El visitante ya no se solaza con los alfombrados salones que Delaye mantenía a media luz, cuidando que no causasen efectos indeseados en los posiblemente envejecidos rostros femeninos. Era una cualidad que siempre agradecían Sisita Miláns del Bosch y Beatriz de Orléans, quien, cuanto más está en España, peor habla nuestro idioma. Hace una especie de galimatías ininteligible que atenúa con la mejor de sus sonrisas y el cuidado perenne y exquisito de Dani San Martín. Él me ha contado mucho sobre el reciente viaje de la duquesa de Franco a una audiencia masiva –más de siete mil personas asistieron– con la duquesa de Montealegre a Roma para ver al Papa Francisco. «Al Pontífice lo mirábamos con prismáticos», comentaron.

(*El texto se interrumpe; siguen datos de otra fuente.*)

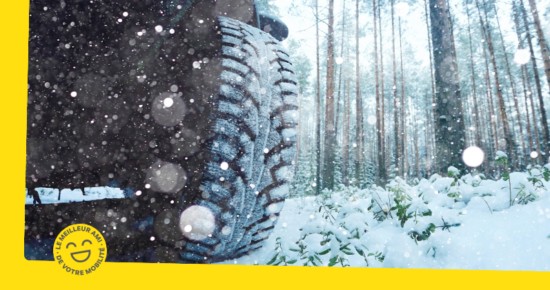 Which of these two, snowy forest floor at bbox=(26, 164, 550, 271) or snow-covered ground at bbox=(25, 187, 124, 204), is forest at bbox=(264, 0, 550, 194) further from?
snow-covered ground at bbox=(25, 187, 124, 204)

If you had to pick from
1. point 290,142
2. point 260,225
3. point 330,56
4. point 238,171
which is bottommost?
point 260,225

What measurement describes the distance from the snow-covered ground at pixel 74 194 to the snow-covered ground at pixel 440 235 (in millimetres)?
569

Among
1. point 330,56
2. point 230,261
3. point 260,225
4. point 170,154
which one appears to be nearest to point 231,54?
point 170,154

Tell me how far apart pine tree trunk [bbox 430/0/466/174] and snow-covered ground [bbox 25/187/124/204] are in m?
2.45

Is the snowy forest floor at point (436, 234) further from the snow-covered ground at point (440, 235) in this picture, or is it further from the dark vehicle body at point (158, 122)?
the dark vehicle body at point (158, 122)

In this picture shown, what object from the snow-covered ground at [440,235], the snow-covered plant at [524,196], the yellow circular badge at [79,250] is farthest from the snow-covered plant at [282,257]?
the snow-covered plant at [524,196]

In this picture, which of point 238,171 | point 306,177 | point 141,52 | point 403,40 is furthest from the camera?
point 306,177

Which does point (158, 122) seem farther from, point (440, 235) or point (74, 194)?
point (440, 235)

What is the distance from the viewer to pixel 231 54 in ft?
3.85

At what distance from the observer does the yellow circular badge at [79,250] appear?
1.04 meters

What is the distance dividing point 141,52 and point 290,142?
2.28ft

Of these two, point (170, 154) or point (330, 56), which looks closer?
point (170, 154)

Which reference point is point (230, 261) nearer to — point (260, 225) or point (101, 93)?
point (260, 225)

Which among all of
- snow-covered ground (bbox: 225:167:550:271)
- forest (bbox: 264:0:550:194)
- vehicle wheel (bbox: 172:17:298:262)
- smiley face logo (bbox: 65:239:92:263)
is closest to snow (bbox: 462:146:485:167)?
forest (bbox: 264:0:550:194) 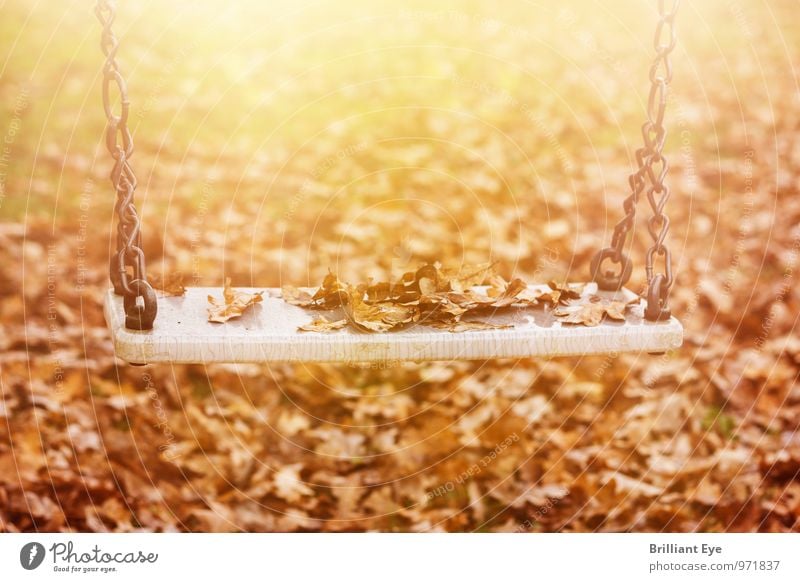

Las aristócratas se alojaron en las inmediaciones de San Pedro y Carmen Franco es de las que no se rindió ante el empedrado típico del Vaticano. De allí recuerdo haber sacado a marchas forzadas a Marujita Díaz, cuyos altos tacones se incrustaban entre los adoquines. Ardua tarea, porque no era un peso ligero, aunque Roma vale eso, sobre todo, si te acompaña la tierna Paloma Gómez Borrero, casi convertida en una «papisa» por sus trabajos sobre el Pontífice. Es una enciclopedia bien peinada y hace la mejor tortilla de patata de Italia. Carmen Franco se emocionó en el restaurante rey del «fettuccine» al ver fotografías suyas de años atrás acompañada del marqués de Villaverde. Le gustó descubrir que la tienen colgada en una de las paredes que perpetúan visitas importantes, donde también destaca la infanta Beatriz de Borbón, abuela de Lecquio, asidua del típico local de Vía del Corso, tan próxima a su palacio Torlonia. Comentaron que el Papa no estuvo demasiado atento con los peregrinos del Santo Sepulcro. Se quedaron chafados, como las hortalizas en la «ratatouille» que encargará el embajador francés tras esa cosecha de tomates, maíz y judías verdes plantada justo en la entrada, donde ya sobresalen las altas cañas que darán buenas mazorcas. Impactan, igual que la serie de Gonzalo de la Cierva en su debut como presentador de televisión. Hace un proyecto sobre jóvenes emprendedores de una hora de duración a la semana que tutela, empuja y anima la vicepresidenta Soraya Sáenz de Santamaría, según reveló el duque de Terranova ante un David Meca dispuesto a retirarse después de 17 años en la competición. Se le ve acomodado, magníficamente vestido, alhajado y con el corazón contento y lleno de alegría. Motivos no le faltan para sentirse bien querido y quizá eso le anime a dejar una carrera jalonada de hazañas náuticas.